Sebastian Warda (Lechia Tomaszów Mazowiecki)
Wielu trenerów chciałoby mieć w swojej drużynie tak dobrze punktującego zawodnika w elemencie bloku. Podczas sobotniego meczu z MKS-em Będzin, Warda zapisał na swoim koncie aż 6 punktowych bloków. Do tego atakiem zdobył 6 oczek i jeden zagrywką. Łącznie dla Lechii w tym zwycięskim starciu zdobył 13 punktów.
Przyjmujący
Marcel Hendzelewski (Lechia Tomaszów Mazowiecki)
Coraz lepiej na pierwszoligowych parkietach spisuje się Marcel Hendzelewski. Ten niespełna 20-letni przyjmujący z meczu na mecz prezentuje coraz lepszą formę. Przeciwko drużynie z Będzina sam zdobył 22 punkty - 19 atakiem, notujący przy tym aż 70% skuteczności w ataku i do tego 1 blokiem i 2 zagrywką. Absolutnie nie było żadnym zaskoczeniem, że na zakończenie sobotniego meczu komisarz zawodów właśnie Hendzelewskiemu wręczył nagrodę MVP. Wspomniany zawodnik miał naprawdę sporo pracy w przyjęciu. Przyjął 26 piłek i utrzymał przyjęcie na poziomie 46% pozytywnego i 12% prefekcyjnego.
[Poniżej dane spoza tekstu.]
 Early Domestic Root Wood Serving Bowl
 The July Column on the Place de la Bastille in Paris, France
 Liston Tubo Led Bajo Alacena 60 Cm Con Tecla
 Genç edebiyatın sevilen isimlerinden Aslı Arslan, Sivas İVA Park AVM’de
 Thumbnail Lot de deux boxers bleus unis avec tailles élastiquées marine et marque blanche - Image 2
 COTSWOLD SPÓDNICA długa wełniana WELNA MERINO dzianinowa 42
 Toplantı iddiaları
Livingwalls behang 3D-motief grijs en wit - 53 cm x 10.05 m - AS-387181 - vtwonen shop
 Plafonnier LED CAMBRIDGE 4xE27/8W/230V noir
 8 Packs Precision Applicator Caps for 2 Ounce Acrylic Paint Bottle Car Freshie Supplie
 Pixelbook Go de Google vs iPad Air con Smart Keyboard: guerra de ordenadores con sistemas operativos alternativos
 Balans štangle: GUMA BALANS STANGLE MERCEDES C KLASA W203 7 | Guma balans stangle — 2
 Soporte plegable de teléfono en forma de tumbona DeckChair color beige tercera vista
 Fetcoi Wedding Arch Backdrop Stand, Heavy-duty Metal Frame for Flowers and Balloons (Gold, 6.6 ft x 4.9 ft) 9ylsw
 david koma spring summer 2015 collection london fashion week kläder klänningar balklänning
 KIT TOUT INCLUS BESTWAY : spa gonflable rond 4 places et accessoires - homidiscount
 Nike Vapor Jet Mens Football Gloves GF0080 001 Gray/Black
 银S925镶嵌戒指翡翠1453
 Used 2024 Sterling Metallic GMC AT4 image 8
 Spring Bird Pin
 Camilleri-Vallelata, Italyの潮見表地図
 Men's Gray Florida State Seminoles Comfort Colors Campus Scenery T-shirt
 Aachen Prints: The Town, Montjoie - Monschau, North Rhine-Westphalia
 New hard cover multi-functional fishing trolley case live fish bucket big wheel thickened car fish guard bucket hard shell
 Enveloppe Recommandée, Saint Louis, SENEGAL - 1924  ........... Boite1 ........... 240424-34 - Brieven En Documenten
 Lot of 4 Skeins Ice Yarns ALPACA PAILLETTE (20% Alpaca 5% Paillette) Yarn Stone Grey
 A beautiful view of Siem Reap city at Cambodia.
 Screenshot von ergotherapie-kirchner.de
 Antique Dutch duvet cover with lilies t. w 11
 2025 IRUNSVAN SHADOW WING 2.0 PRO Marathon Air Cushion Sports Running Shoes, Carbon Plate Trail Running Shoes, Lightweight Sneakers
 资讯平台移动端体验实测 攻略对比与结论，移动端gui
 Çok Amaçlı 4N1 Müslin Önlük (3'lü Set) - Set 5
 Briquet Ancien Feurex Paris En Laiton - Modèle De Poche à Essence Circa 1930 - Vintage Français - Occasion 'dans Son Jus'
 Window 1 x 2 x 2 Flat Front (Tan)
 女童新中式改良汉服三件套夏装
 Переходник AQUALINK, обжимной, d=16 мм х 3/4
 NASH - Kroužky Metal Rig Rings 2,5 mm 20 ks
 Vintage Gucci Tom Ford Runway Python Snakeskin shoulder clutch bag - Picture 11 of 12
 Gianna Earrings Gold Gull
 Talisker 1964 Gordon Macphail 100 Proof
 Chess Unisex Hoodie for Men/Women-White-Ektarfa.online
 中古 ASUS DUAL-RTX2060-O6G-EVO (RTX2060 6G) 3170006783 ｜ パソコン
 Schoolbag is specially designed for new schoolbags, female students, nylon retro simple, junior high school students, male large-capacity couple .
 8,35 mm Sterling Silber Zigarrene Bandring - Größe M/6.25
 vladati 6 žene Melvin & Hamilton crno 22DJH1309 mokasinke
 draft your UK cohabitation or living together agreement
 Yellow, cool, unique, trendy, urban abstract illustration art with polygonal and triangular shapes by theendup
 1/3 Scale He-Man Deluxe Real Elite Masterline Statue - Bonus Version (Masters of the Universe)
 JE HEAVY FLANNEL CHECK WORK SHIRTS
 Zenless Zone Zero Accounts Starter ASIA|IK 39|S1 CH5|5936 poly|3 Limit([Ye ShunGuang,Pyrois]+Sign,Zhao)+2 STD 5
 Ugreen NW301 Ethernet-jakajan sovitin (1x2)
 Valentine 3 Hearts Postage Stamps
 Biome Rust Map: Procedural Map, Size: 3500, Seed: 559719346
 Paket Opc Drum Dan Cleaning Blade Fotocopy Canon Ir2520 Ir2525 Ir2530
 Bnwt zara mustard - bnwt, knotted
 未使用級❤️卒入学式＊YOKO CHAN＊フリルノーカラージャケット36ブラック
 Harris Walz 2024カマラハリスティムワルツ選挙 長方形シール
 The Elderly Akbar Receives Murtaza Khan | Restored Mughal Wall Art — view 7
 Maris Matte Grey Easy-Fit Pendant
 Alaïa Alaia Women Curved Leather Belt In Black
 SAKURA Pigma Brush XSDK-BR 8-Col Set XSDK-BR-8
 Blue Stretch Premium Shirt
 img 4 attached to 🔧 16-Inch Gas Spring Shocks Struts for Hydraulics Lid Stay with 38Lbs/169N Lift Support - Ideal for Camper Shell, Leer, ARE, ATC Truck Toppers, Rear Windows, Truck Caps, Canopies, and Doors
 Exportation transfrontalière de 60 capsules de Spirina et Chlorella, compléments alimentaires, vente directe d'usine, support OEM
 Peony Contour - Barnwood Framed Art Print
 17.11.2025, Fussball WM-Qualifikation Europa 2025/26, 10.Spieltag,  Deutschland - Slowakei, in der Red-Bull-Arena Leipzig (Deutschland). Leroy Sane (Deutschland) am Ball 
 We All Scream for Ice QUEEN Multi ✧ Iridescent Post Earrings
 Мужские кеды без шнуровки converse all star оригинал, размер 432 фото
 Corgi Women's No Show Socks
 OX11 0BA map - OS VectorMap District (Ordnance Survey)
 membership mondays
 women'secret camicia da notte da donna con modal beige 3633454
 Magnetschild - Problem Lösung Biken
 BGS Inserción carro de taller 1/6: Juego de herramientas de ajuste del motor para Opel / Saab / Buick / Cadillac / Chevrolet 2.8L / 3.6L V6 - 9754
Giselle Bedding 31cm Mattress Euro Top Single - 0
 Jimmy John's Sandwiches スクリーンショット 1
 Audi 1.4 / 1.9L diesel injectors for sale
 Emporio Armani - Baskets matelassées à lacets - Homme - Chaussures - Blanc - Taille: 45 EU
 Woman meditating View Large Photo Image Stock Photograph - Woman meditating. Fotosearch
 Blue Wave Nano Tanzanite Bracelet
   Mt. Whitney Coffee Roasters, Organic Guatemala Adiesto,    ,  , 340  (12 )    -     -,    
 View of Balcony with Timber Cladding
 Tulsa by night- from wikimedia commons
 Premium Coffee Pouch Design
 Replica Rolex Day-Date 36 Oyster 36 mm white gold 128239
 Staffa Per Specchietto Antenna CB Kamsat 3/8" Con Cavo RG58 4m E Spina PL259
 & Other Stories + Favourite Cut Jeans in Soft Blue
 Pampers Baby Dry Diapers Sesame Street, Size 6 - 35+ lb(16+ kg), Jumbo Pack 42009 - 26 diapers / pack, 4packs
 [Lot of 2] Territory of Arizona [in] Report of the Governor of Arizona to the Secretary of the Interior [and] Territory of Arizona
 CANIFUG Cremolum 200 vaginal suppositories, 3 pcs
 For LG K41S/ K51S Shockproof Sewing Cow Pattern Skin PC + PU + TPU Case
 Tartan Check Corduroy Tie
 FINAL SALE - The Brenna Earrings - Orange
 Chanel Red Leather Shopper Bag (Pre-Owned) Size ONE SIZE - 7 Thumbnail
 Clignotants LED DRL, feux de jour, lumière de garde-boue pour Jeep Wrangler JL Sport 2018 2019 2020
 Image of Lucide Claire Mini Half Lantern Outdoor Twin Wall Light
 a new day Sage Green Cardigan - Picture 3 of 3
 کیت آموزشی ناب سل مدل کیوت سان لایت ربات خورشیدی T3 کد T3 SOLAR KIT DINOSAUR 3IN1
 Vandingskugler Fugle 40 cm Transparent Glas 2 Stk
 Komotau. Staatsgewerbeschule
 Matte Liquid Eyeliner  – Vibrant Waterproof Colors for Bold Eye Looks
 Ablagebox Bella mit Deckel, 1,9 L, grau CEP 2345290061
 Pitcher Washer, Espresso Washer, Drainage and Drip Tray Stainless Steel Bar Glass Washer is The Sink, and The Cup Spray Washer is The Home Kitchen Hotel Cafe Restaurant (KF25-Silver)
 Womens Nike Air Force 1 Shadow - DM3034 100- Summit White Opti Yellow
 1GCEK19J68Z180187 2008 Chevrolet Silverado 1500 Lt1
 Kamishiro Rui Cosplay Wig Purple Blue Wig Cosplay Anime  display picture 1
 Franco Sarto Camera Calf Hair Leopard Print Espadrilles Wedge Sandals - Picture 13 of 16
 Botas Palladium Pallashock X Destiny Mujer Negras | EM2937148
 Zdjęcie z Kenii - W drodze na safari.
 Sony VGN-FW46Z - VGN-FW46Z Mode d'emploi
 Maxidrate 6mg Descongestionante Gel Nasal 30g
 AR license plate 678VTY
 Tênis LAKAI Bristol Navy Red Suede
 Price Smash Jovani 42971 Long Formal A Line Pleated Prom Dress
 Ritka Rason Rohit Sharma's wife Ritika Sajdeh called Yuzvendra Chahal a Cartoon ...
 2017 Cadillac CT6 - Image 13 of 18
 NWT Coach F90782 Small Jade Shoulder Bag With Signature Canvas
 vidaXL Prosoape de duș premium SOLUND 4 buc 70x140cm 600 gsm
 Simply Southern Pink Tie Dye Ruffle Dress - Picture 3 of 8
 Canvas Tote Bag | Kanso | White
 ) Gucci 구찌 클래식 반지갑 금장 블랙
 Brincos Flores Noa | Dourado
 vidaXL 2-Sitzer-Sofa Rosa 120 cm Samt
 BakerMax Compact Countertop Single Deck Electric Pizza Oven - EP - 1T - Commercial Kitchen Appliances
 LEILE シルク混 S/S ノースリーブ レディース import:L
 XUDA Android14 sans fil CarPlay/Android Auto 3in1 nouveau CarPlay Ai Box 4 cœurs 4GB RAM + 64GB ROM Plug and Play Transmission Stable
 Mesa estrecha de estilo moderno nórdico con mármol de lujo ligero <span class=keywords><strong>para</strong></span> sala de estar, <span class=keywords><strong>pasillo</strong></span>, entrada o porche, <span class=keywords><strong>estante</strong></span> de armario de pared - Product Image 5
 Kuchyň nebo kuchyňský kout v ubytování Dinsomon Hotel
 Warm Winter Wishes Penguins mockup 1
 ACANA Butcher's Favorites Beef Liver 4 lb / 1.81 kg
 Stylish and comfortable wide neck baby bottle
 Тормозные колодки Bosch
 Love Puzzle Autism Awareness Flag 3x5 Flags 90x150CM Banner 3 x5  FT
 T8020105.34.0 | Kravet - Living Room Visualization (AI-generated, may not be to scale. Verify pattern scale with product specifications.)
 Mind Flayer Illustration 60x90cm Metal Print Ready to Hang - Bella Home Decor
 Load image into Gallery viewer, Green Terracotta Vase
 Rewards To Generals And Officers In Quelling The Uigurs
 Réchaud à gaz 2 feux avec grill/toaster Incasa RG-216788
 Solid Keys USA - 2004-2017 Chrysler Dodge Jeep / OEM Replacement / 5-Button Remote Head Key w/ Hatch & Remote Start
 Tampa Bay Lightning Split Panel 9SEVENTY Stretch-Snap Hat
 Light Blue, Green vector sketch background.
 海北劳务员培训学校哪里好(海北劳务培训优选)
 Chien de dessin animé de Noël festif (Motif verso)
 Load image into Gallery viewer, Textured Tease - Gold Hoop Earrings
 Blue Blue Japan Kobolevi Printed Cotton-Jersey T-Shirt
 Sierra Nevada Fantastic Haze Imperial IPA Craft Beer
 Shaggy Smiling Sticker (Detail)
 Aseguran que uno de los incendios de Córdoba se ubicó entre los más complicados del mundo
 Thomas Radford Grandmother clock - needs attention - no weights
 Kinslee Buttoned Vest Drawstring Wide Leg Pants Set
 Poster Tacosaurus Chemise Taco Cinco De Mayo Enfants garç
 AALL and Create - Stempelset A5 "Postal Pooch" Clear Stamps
Janusz Górski (KKS Mickiewicz Kluczbork)
W sobotnie popołudnie o dobre przyjęcie w szeregach KKS Mickiewicz zadbał Janusz Górski. Nowosolanie właśnie na tego zawodnika najczęściej serwowali, bo aż 26 razy. Co ważne, Górski w tym elemencie nie popełnił ani jednego błędu. Poza dobrym przyjęciem zawodnik utrzymał również dobry poziom ataku, bo 52% pozytwynego, zdobywając łącznie 21 punktów - 15 atakiem, 4 blokiem i 2 zagrywką. Nie było wielkim zaskoczeniem, że właśnie Górski otrzymał na koniec spotkania w Nowej Soli nagrodę MVP.
Libero
Szymon Biniek (BBTS Bielsko-Biała)
O stabilność przyjęcia w szergach drużyny BBTS dba od początku sezonu Szymon Biniek. W pierwszym meczu Nowego Roku libero zaprezentował się bardzo dobrze w starciu przeciwko MCKiS Jaworzno. Przyjął 16 piłek i zakończył spotkanie z 56% skutecznością w ataku.